(Collected data entries)

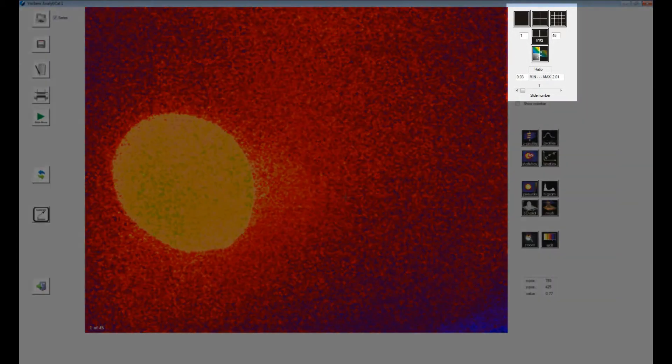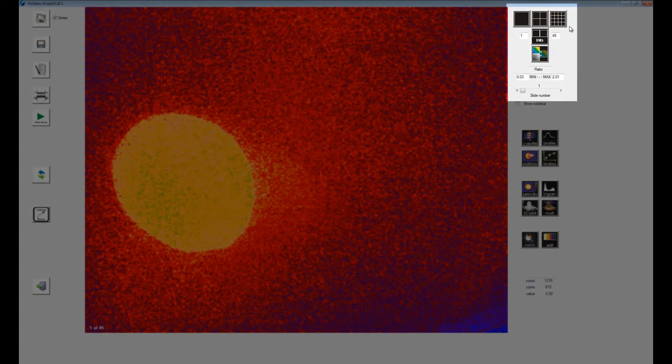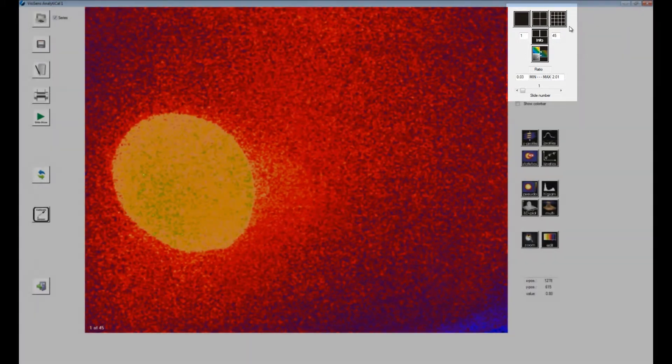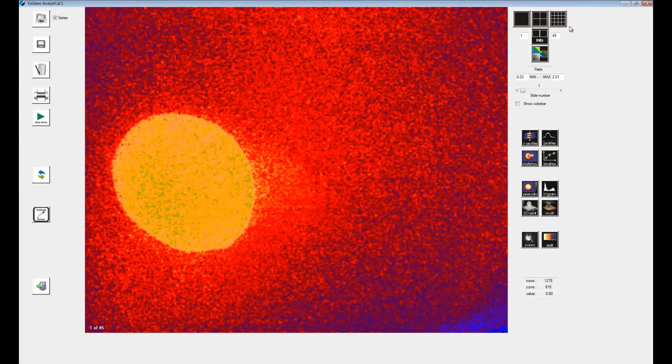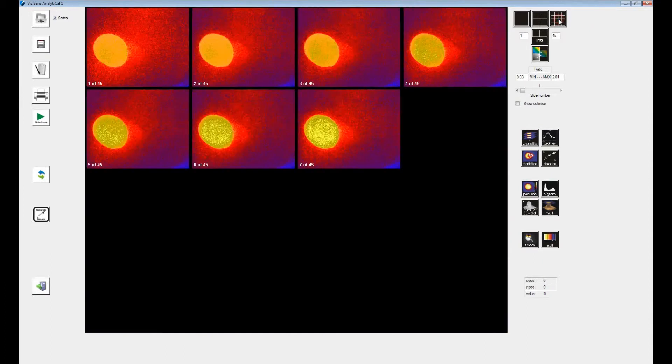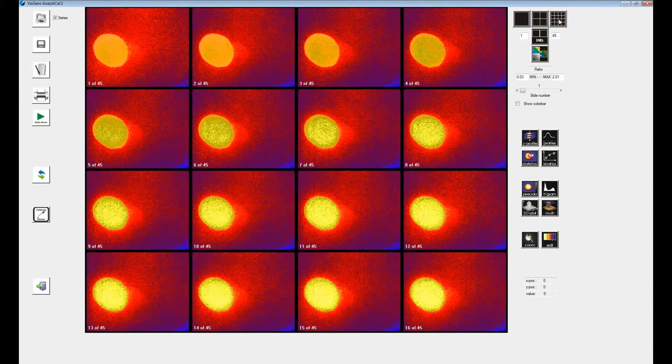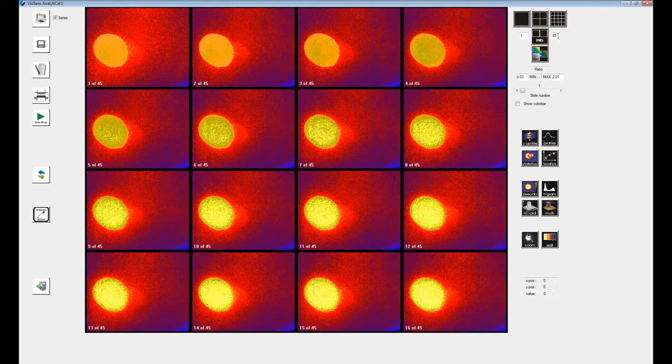In the upper right of the screen are the buttons for different display options. You can, for example, display 16 images at a time on the evaluation screen. Use the slide number bar to switch to the next 16 images.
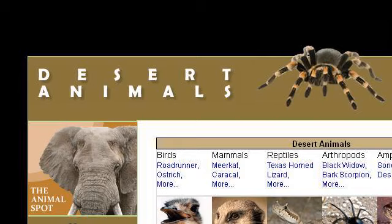If you don't find useful information on the previous sites, see www.desertanimals.net, the web page Desert Animals.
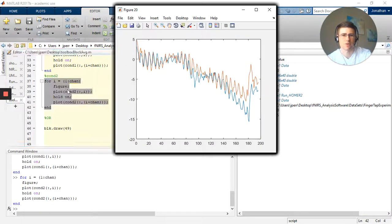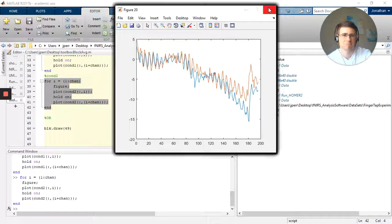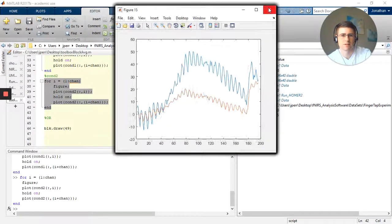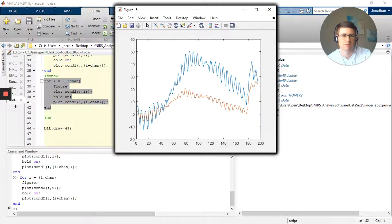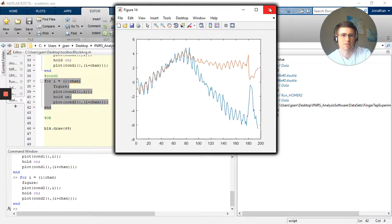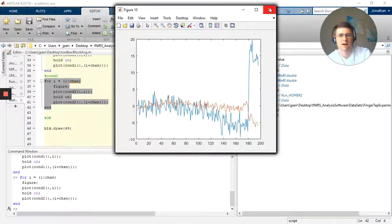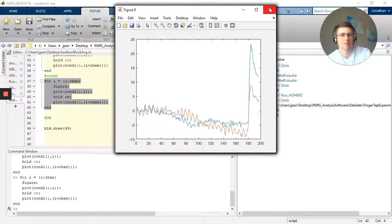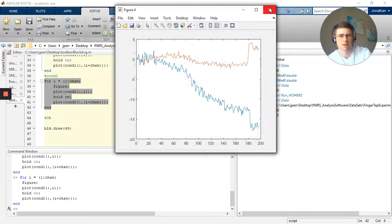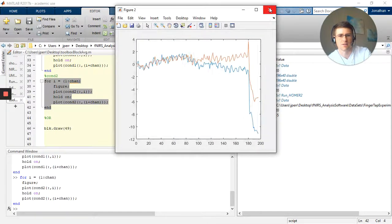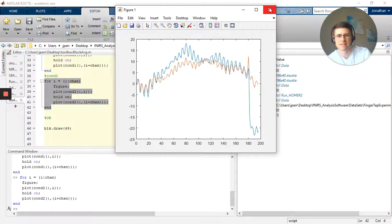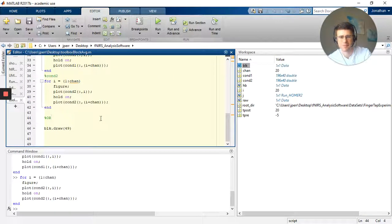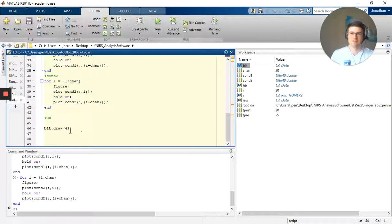There we go, all well and good. A couple motion artifacts going on at the end on these. Great, we have our blocks, all's amazing, well and good, wonderful. But there's an even easier way to do this.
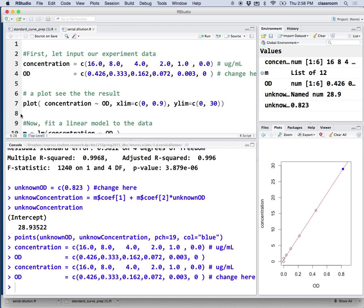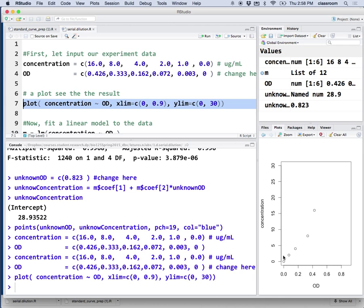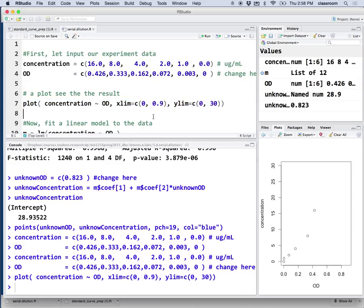So I'm going to highlight this line and click run, there. More or less linear, it's just the last point a bit high. Don't worry about that, that's happened quite often.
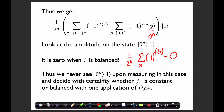So that gives us our algorithm: apply Hadamard, apply the phase oracle, apply Hadamard again, then measure in the computational basis. If we see |0^n⟩ ⊗ |1⟩, we know the function is constant; otherwise, we know the function is balanced. With just one quantum query, we can decide between these two cases with certainty.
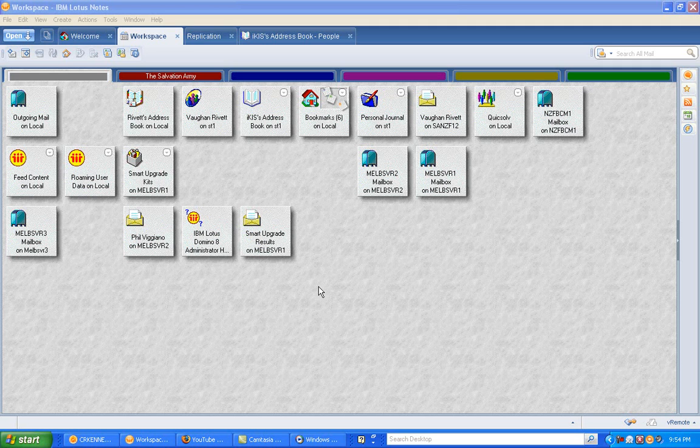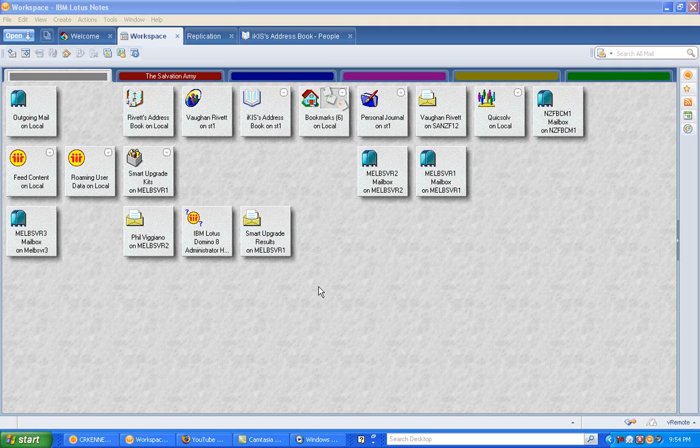For instance, if you want to create a new email, or a memo as it's called in Lotus Notes, you can press Ctrl M for Mary. That will automatically bring up a new email in front of you on your screen, which is quite handy.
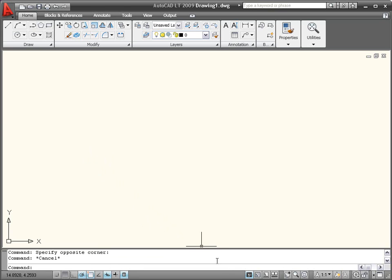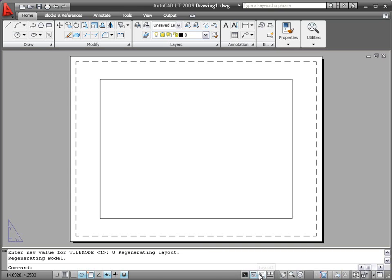The model and layout buttons have moved to the right side of the status bar, where they are joined by several new tools. First up is the Quick View Layouts button, which is followed by the Quick View Drawings button. The status bar also provides easy access to navigation and viewing tools, including pan and zoom.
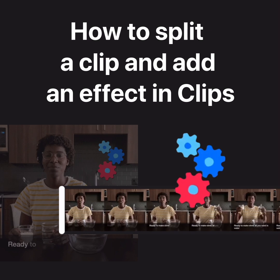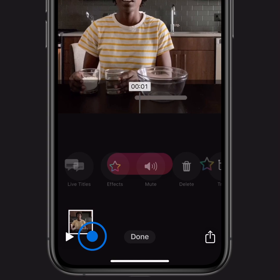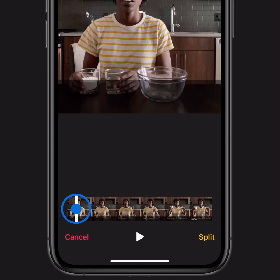You can split a clip in the Clips app and add an effect to one section of the video. Here's how. With a project open in Clips, tap a clip, tap Split, then drag the playhead to where you want it and tap Split.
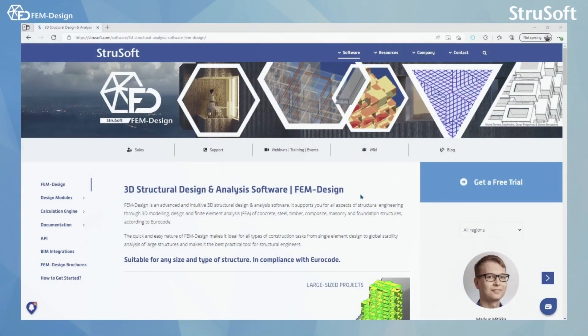Hello and welcome back to FemDesign video lessons. In this video you will learn how to get started using the FemDesign software.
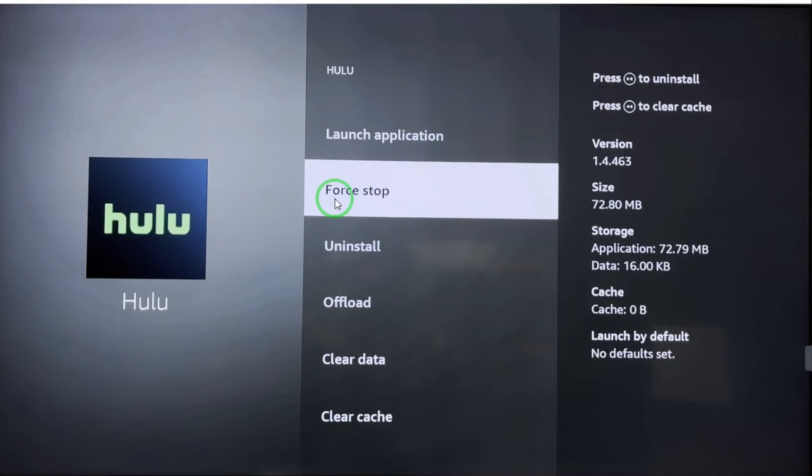After selecting this, you have to restart the app. The playback error should be resolved. If it is not resolved, you can reboot your Fire Stick TV.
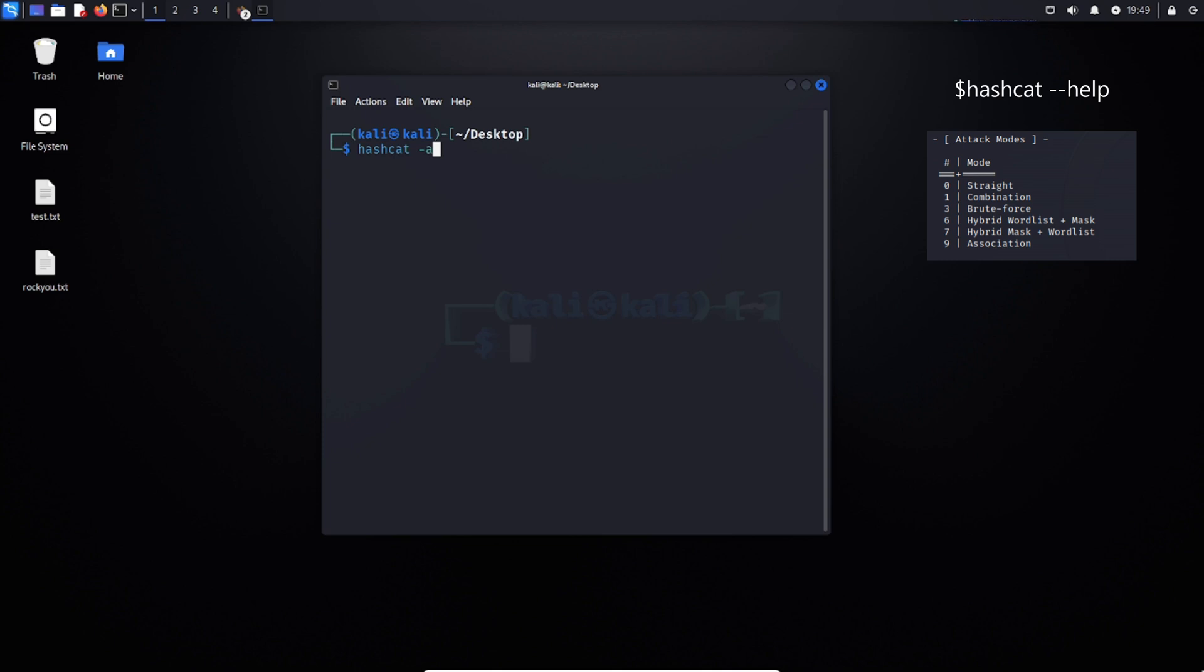Then we have the hybrid attack, which is the same as combination, however, you're adding a masking attack in there as well. And lastly, we have an association attack, which is simply associating some information that's already known, which can have an influence in cracking the password.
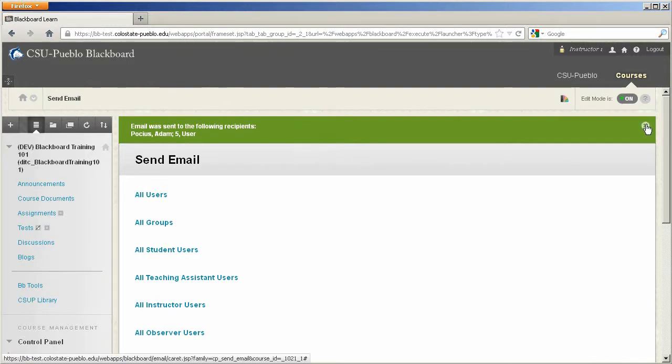And there you have it. That's how you send an email in Blackboard. And so that concludes this tutorial for Blackboard Learn.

> TASK ITEM
Drop the images and repeat the data exactly.

> EXERCISE RESPONSE
In the upper right of the screen are the buttons for different display options. You can, for example, display 16 images at a time on the evaluation screen. Use the slide number bar to switch to the next 16 images.
If you don't find useful information on the previous sites, see www.desertanimals.net, the web page Desert Animals.
There we go, all well and good. A couple motion artifacts going on at the end on these. Great, we have our blocks, all's amazing, well and good, wonderful. But there's an even easier way to do this.
So I'm going to highlight this line and click run, there. More or less linear, it's just the last point a bit high. Don't worry about that, that's happened quite often.
So that gives us our algorithm: apply Hadamard, apply the phase oracle, apply Hadamard again, then measure in the computational basis. If we see |0^n⟩ ⊗ |1⟩, we know the function is constant; otherwise, we know the function is balanced. With just one quantum query, we can decide between these two cases with certainty.
For instance, if you want to create a new email, or a memo as it's called in Lotus Notes, you can press Ctrl M for Mary. That will automatically bring up a new email in front of you on your screen, which is quite handy.
The model and layout buttons have moved to the right side of the status bar, where they are joined by several new tools. First up is the Quick View Layouts button, which is followed by the Quick View Drawings button. The status bar also provides easy access to navigation and viewing tools, including pan and zoom.
You can split a clip in the Clips app and add an effect to one section of the video. Here's how. With a project open in Clips, tap a clip, tap Split, then drag the playhead to where you want it and tap Split.
Hello and welcome back to FemDesign video lessons. In this video you will learn how to get started using the FemDesign software.
After selecting this, you have to restart the app. The playback error should be resolved. If it is not resolved, you can reboot your Fire Stick TV.
Then we have the hybrid attack, which is the same as combination, however, you're adding a masking attack in there as well. And lastly, we have an association attack, which is simply associating some information that's already known, which can have an influence in cracking the password.
And there you have it. That's how you send an email in Blackboard. And so that concludes this tutorial for Blackboard Learn.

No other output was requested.